> **DATA EXTRACT**
/---
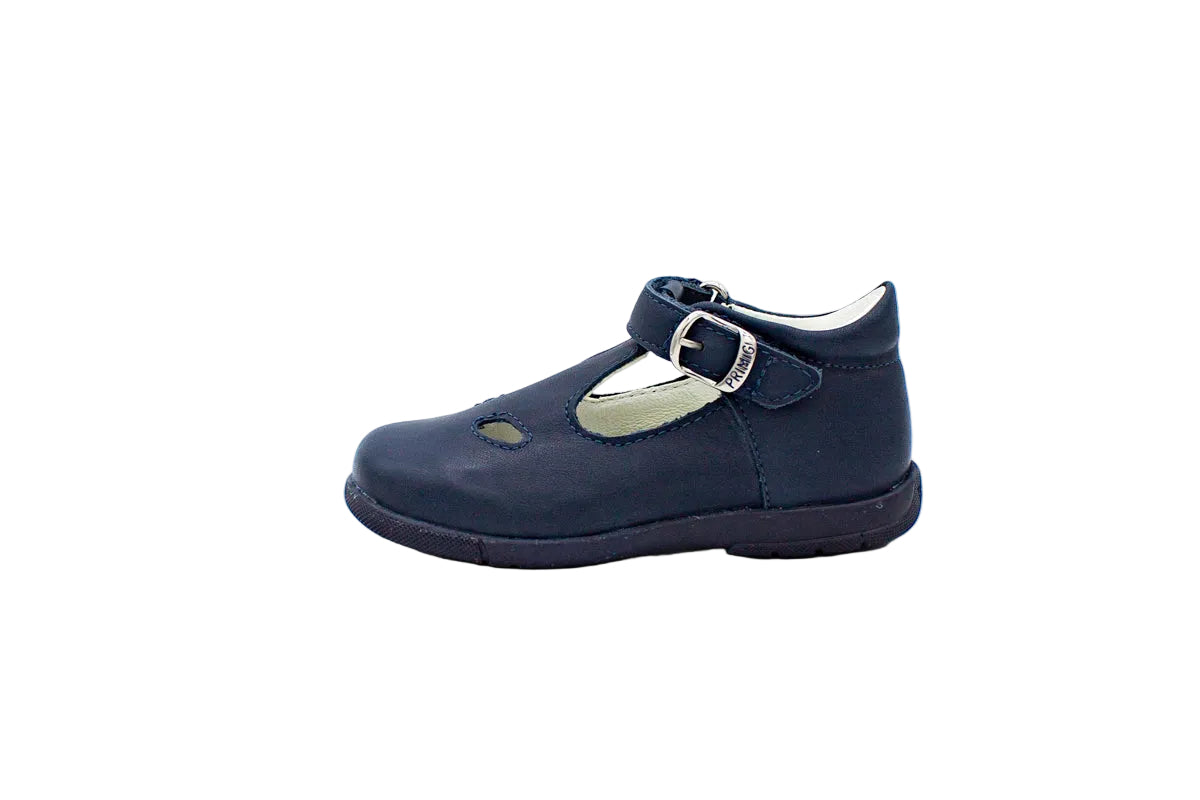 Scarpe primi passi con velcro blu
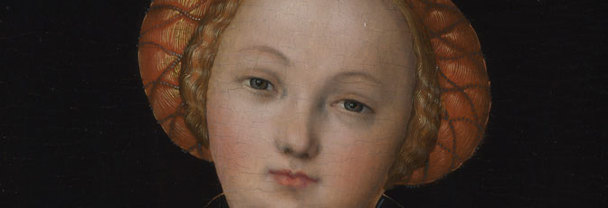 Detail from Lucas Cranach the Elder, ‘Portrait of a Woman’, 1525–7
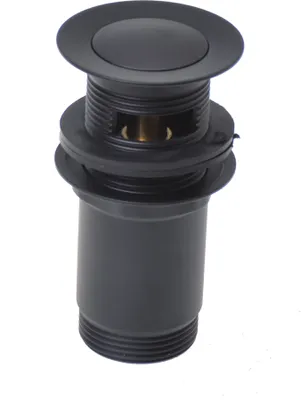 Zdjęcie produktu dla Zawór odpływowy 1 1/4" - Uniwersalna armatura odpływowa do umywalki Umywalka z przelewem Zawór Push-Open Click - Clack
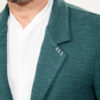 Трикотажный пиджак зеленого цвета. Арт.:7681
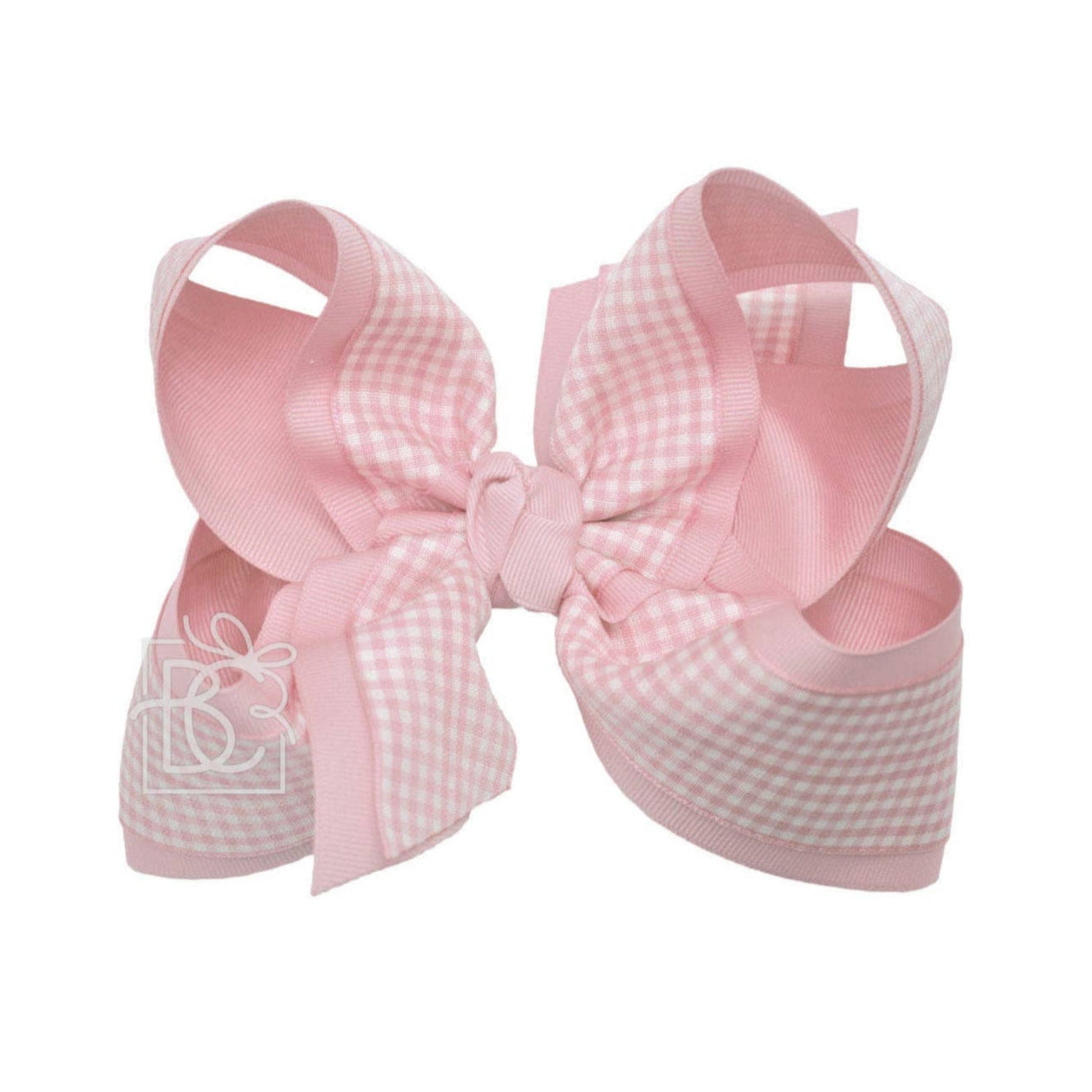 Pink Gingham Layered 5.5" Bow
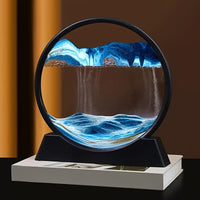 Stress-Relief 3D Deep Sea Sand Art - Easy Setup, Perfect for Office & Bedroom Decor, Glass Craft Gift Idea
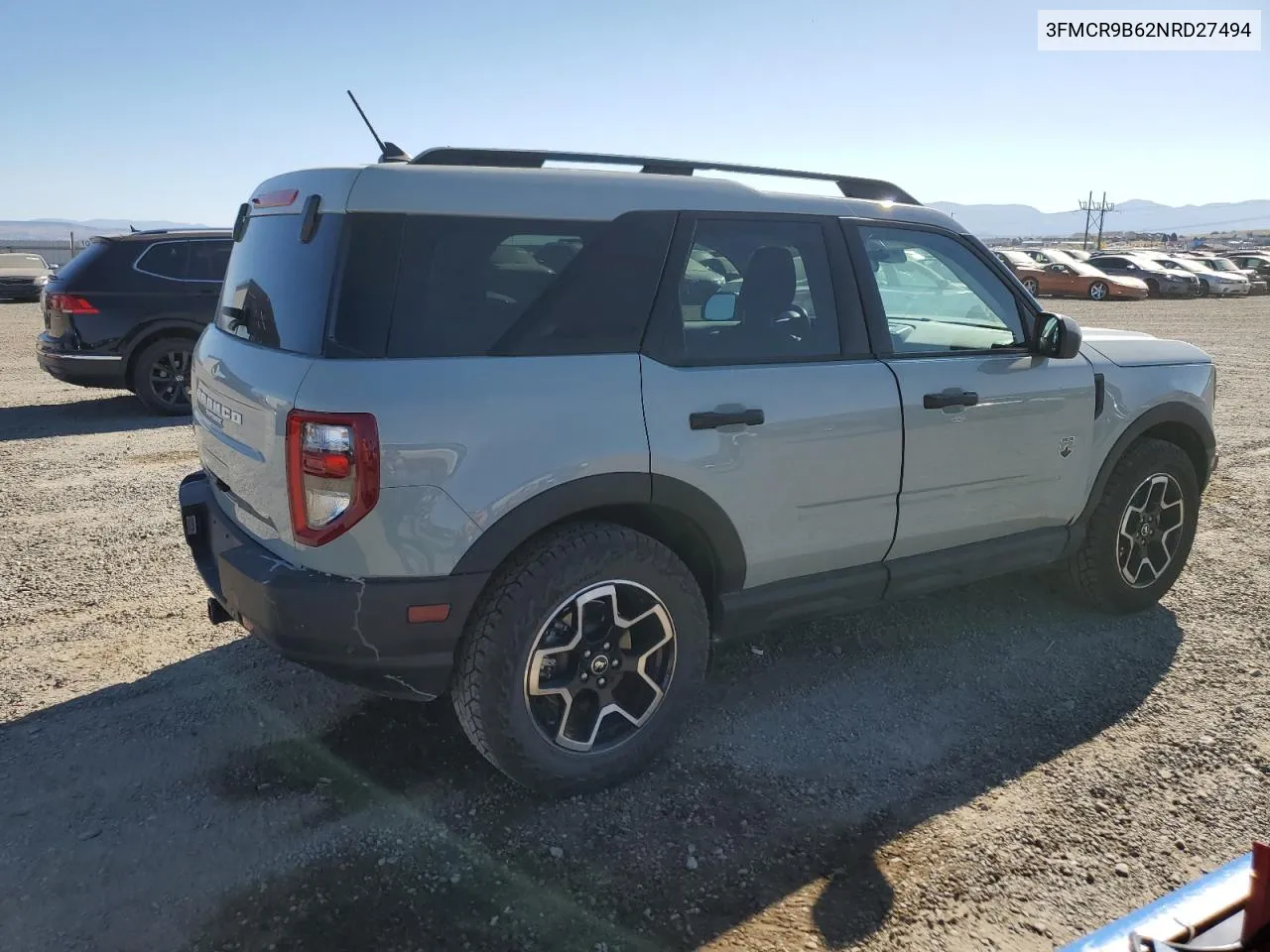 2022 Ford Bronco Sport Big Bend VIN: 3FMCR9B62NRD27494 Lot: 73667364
\---
/---
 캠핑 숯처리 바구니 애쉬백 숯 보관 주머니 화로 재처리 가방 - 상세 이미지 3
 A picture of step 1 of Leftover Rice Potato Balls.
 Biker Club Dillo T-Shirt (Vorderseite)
\---
/---
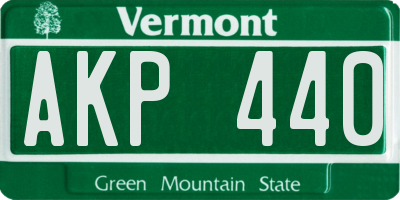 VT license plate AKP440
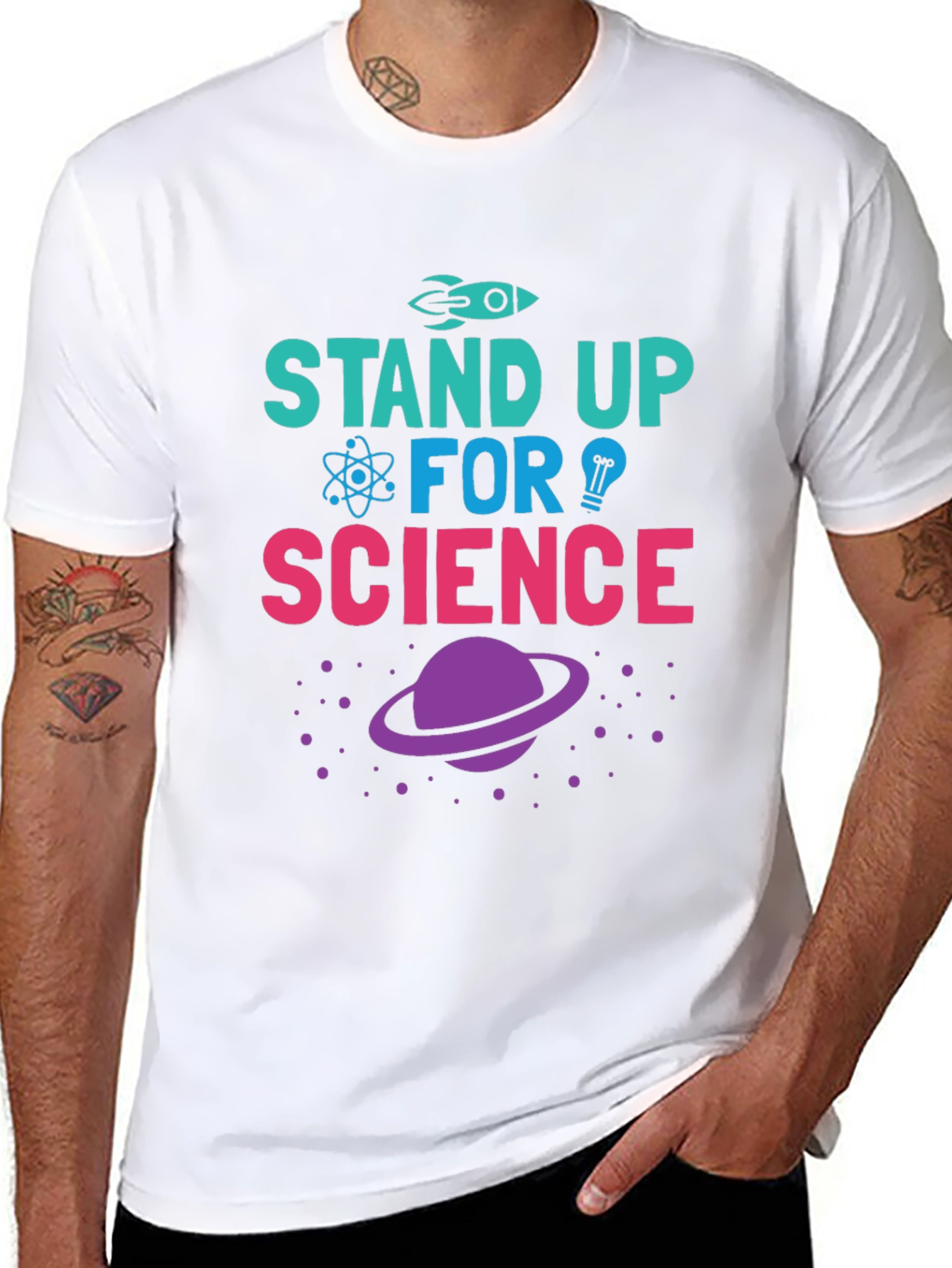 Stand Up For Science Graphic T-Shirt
\---
> **EXERCISE**
Write back the stretch of lines above that begins with the line holding "Zdjęcie produktu dla" and ends with the line holding "2022 Ford Bronco", both included, exactly as written. Pictures stay out.

> **THE COMPLETED TASK**
 Zdjęcie produktu dla Zawór odpływowy 1 1/4" - Uniwersalna armatura odpływowa do umywalki Umywalka z przelewem Zawór Push-Open Click - Clack
 Трикотажный пиджак зеленого цвета. Арт.:7681
 Pink Gingham Layered 5.5" Bow
 Stress-Relief 3D Deep Sea Sand Art - Easy Setup, Perfect for Office & Bedroom Decor, Glass Craft Gift Idea
 2022 Ford Bronco Sport Big Bend VIN: 3FMCR9B62NRD27494 Lot: 73667364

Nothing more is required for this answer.